**TASK REQUIREMENTS:** Return, with both end lines included, exactly what the data below holds from the line with "Casă cu 3 camere" through the line with "Aubrey Plaza Ai", though not the pictures.
┌─ EXCERPTED RECORDS
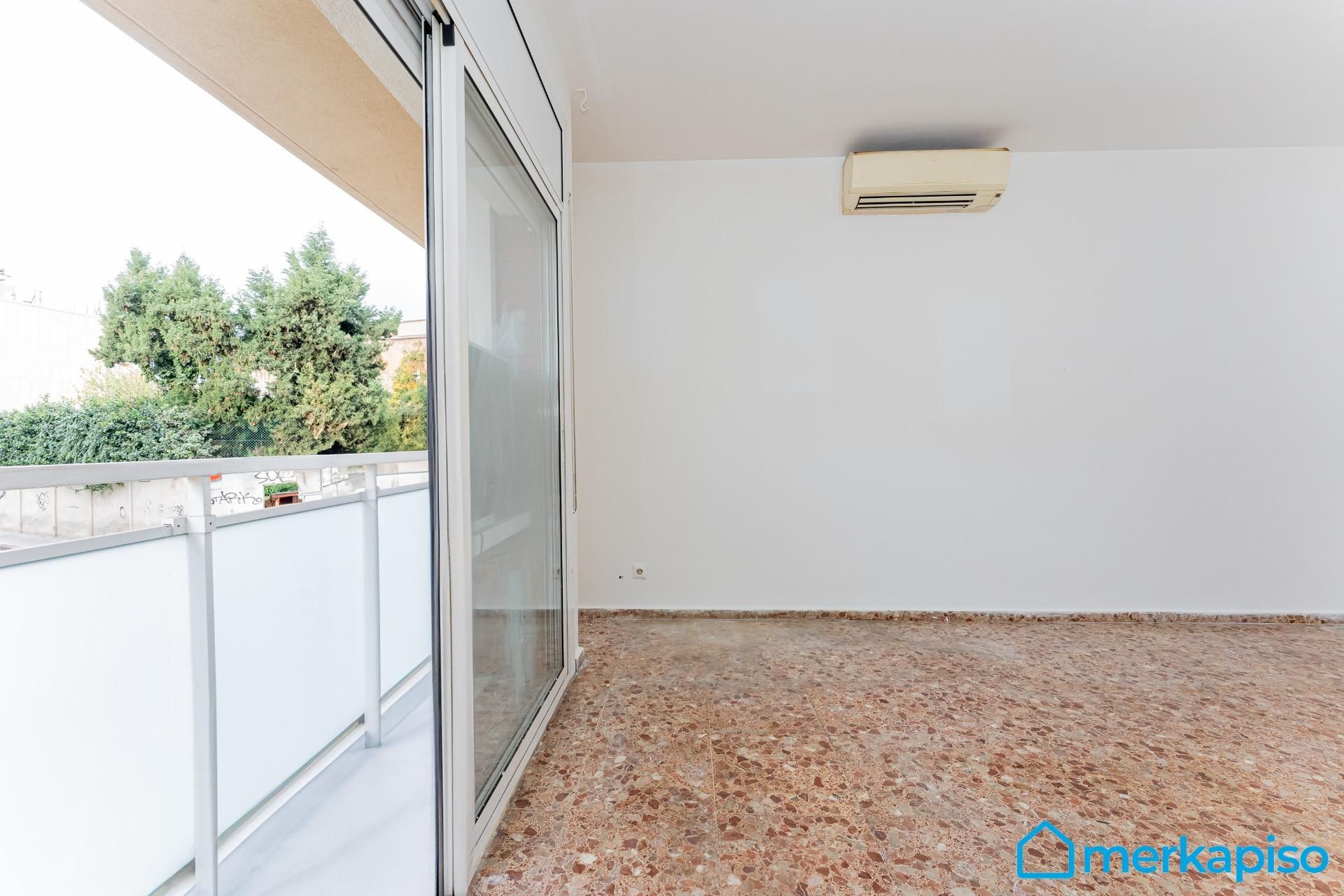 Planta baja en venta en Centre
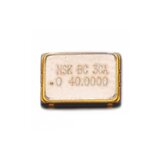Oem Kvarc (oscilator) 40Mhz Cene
└─
┌─ EXCERPTED RECORDS
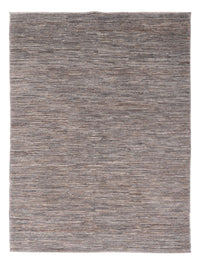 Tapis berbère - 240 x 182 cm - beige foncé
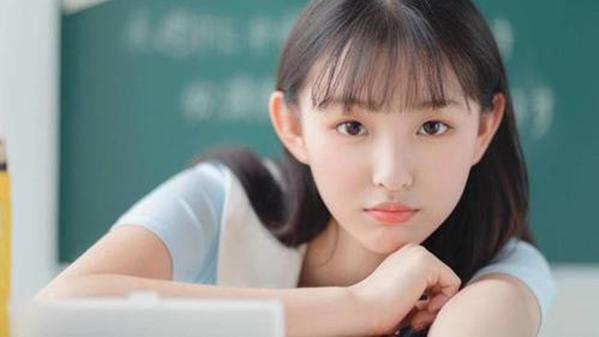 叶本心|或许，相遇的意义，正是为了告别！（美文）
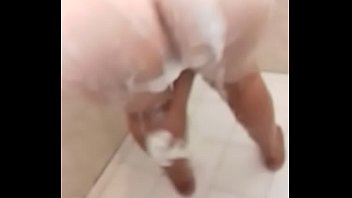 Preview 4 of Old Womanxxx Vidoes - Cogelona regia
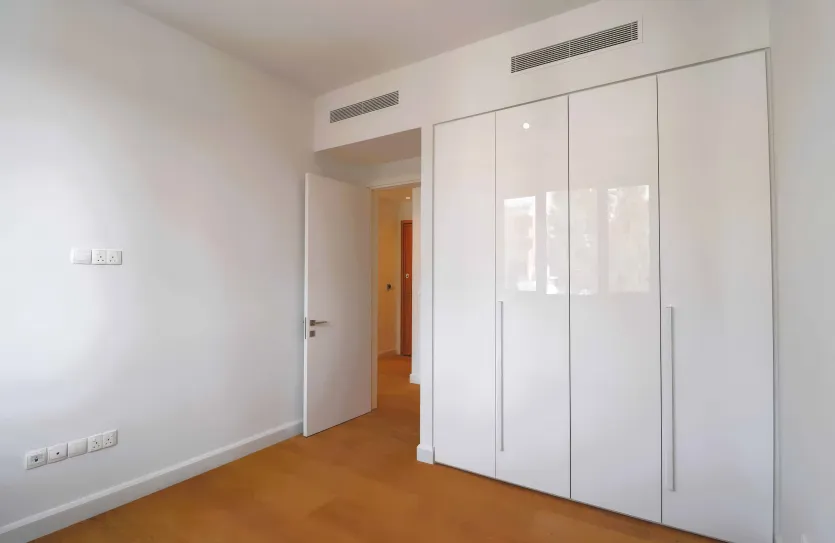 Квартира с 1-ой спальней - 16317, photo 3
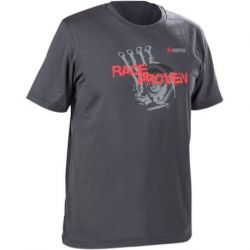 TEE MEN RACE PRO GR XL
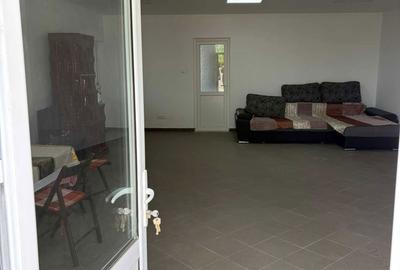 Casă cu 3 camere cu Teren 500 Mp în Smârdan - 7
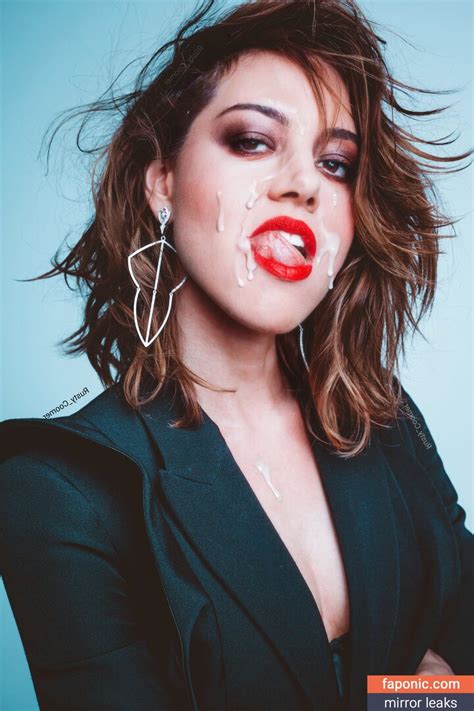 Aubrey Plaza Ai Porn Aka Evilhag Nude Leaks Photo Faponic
└─
┌─ EXCERPTED RECORDS
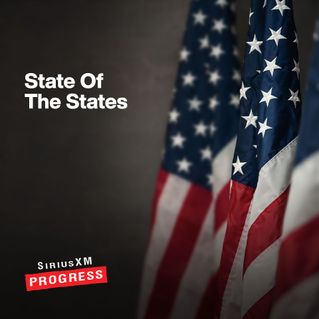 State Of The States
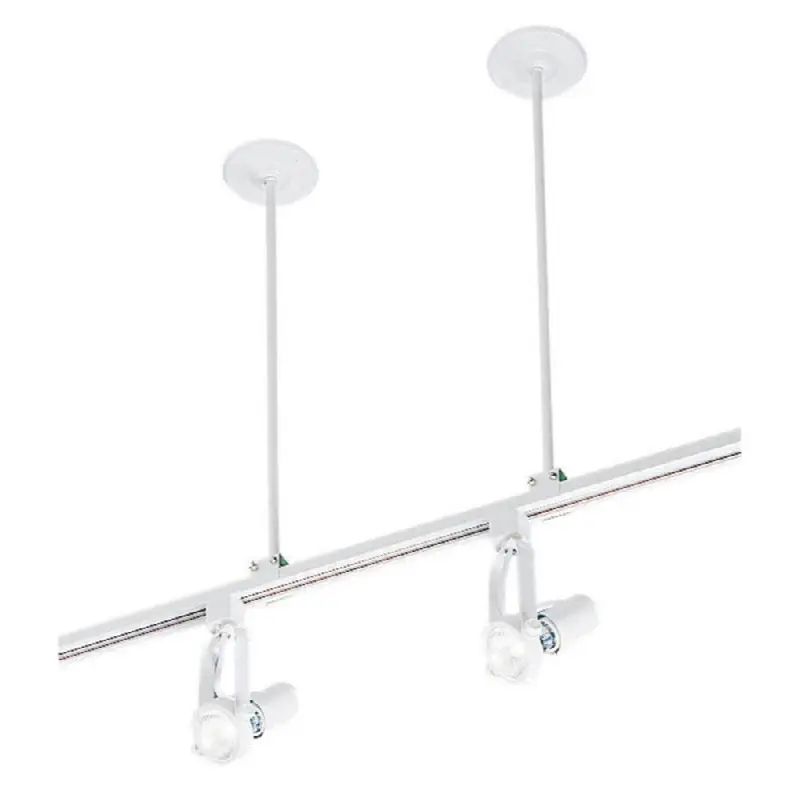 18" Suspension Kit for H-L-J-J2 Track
└─
**ANSWER FOR THE TASK:**
 Casă cu 3 camere cu Teren 500 Mp în Smârdan - 7
 Aubrey Plaza Ai Porn Aka Evilhag Nude Leaks Photo Faponic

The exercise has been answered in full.